# EXERCISE
Output the data below exactly, images excluded.

# SUPPLIED DATA
= = =

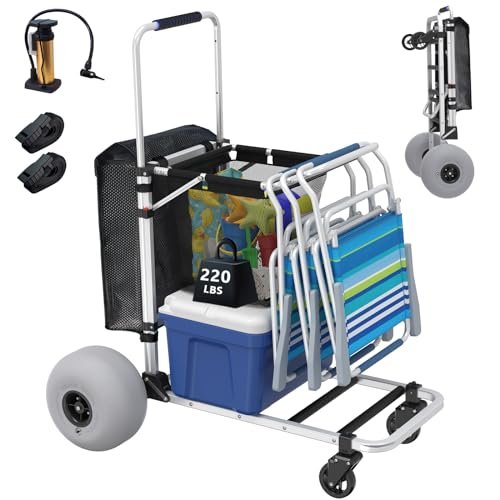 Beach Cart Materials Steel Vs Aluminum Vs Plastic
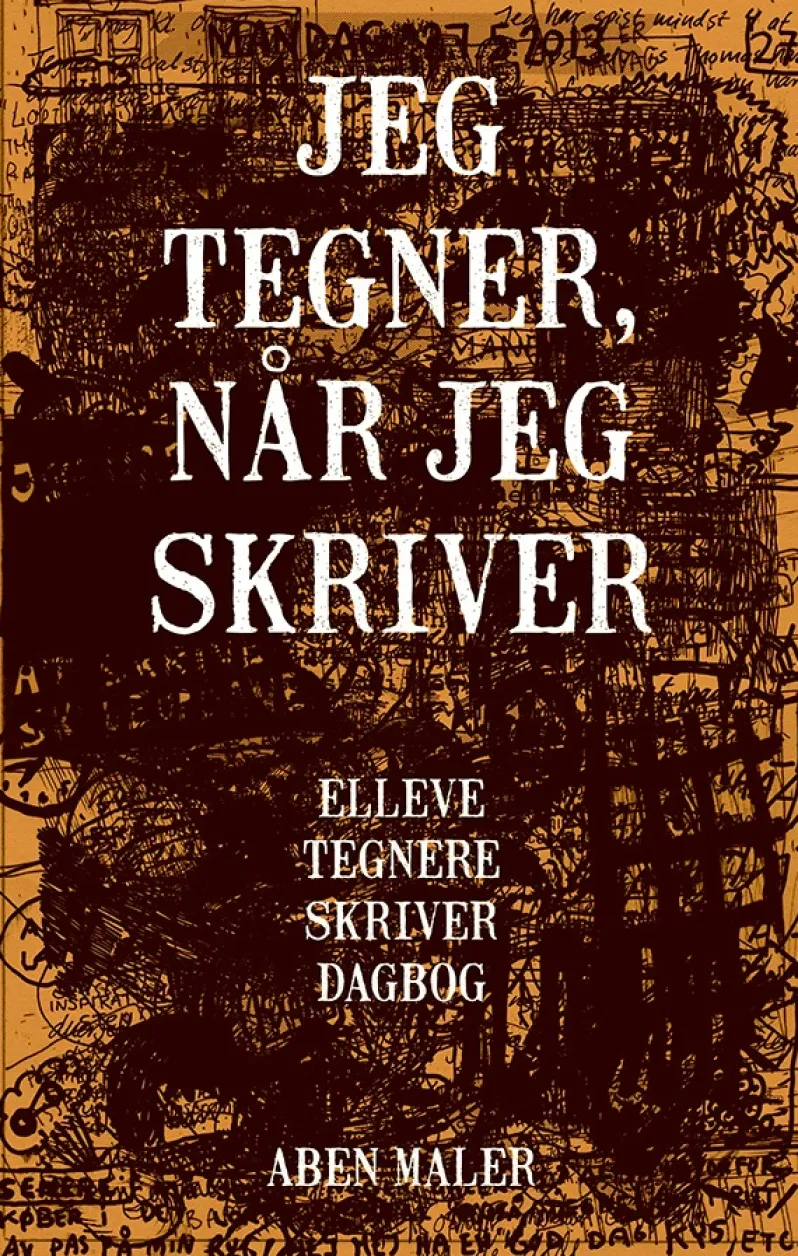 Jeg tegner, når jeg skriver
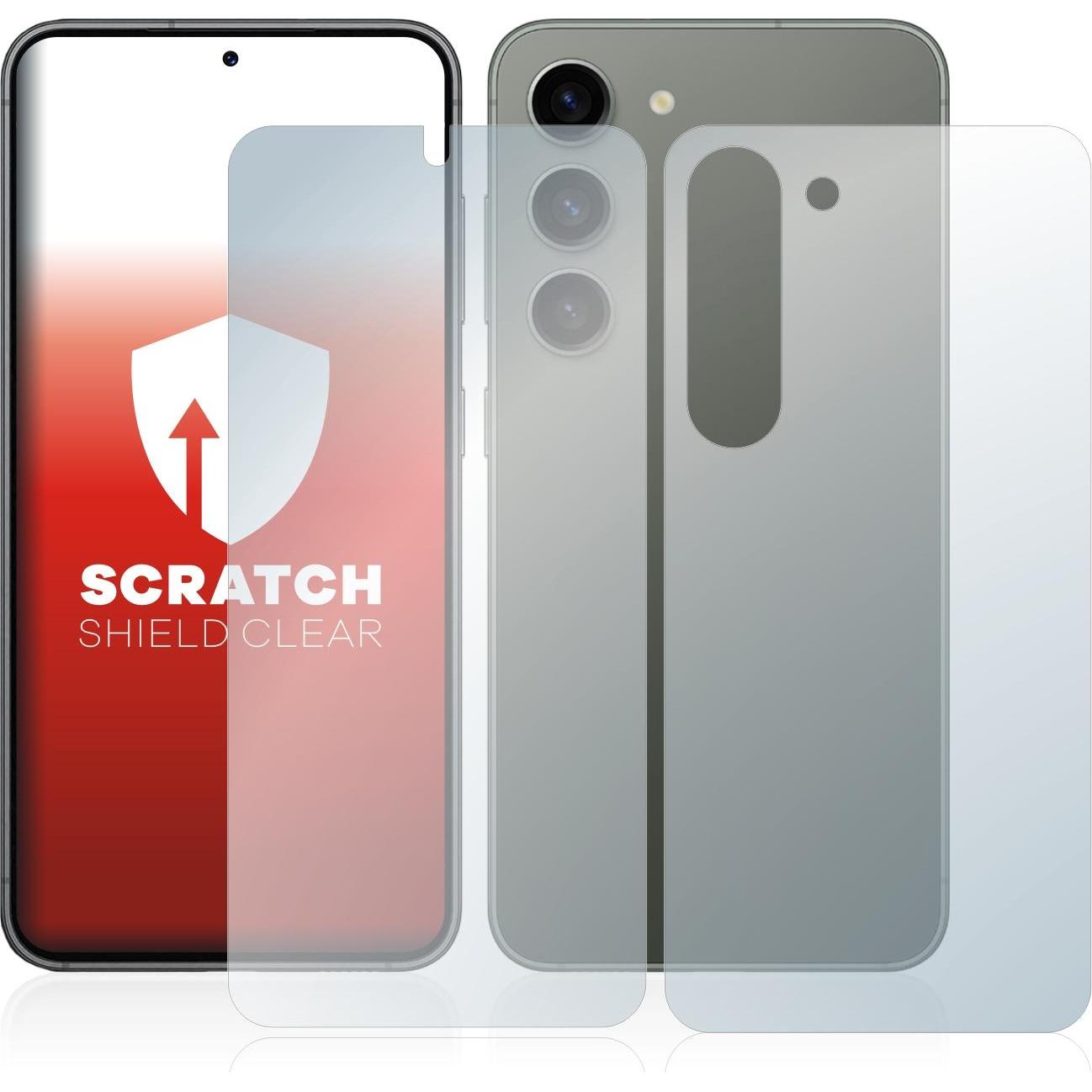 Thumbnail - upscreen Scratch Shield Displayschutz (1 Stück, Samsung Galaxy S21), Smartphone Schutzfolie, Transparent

= = =

# SOLUTION TO THE PROBLEM
 Beach Cart Materials Steel Vs Aluminum Vs Plastic
 Jeg tegner, når jeg skriver
 Thumbnail - upscreen Scratch Shield Displayschutz (1 Stück, Samsung Galaxy S21), Smartphone Schutzfolie, Transparent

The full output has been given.